O protagonista também se depara com uma diferença entre ele e o outro personagem que, novamente, questiona sua relação: “[...] nossa diferença fundamental é que você era capaz de viver as superfícies, enquanto eu era capaz de ir ao mais fundo, de não sentir medo desse mais fundo” (ABREU, 2001, p. 103). A este respeito, percebe-se que, para o protagonista, sua companheira vivencia a banalidade das experiências, enquanto que ele atribui grande importância àquilo que vivencia. Isso se verifica na maneira como ambos lidam com a linguagem. O narrador protagonista está imerso em um monólogo, no qual ele dá vazão aos seus sentimentos mais íntimos, ainda que não se tenha certeza se ele os expõe efetivamente em um diálogo, verbalizando-os, ou se apenas imagina explicitá-los. Por outro lado, percebe-se que sua companheira faz pequenas intromissões no pensamento ou na fala do narrador protagonista para perguntar sempre sobre coisas banais, cotidianas, interrompendo o fluxo dos pensamentos ou da fala do protagonista. Isso se verifica em momentos como “[...] falava do mais fundo, desse que existe em você, em mim, em todos esses outros com suas malas, suas bolsas, suas maçãs, não, não sei por que todo mundo compra maçãs antes de viajar, nunca tinha pensado nisso, por favor, não me interrompa” (ABREU, 2001, p. 102).

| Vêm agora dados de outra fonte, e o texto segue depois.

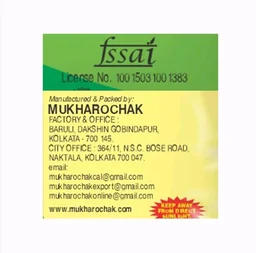 Mukharochak Lite Chivda Namkeen - 200 g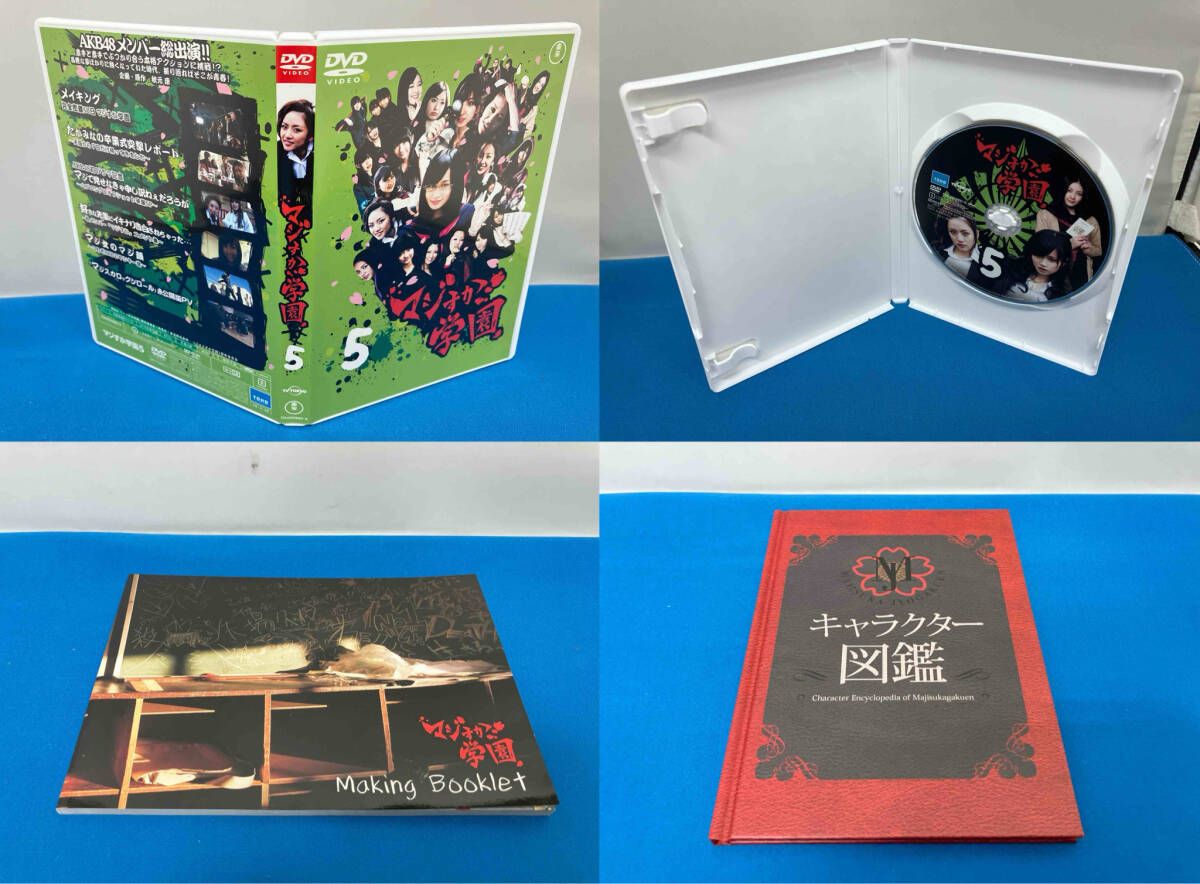 DVD マジすか学園 スペシャルDVD-BOX - メルカリ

Passagens como essa demonstram que os personagens não compartilham de interesses comuns, no presente, revelando a situação de desencontro entre ambos.

O protagonista enfrenta dificuldades, todo o tempo, na tentativa de expor seus sentimentos e pensamentos. Além dos vários rodeios do protagonista para tentar verbalizá-los, há, ainda, uma dificuldade concreta que impede a fala, explicitada na rouquidão: “[...] nós dois cantamos desvairadamente até agora sem nos darmos contas, é por isso que estou tão rouco assim, não, não é dessa coisa da garganta que falo, é de uma outra, de dentro, entende?” (ABREU, 2001, p. 103). A rouquidão metaforiza a dificuldade do protagonista em fazer uso preciso e objetivo das palavras para expressar-se. Percebe-se uma rouquidão que, segundo o protagonista, “vem de dentro”, ou seja, uma rouquidão que impede a verbalização clara e objetiva dos seus sentimentos e pensamentos, silenciando-os, uma vez que não podem ser plenamente compreendidos.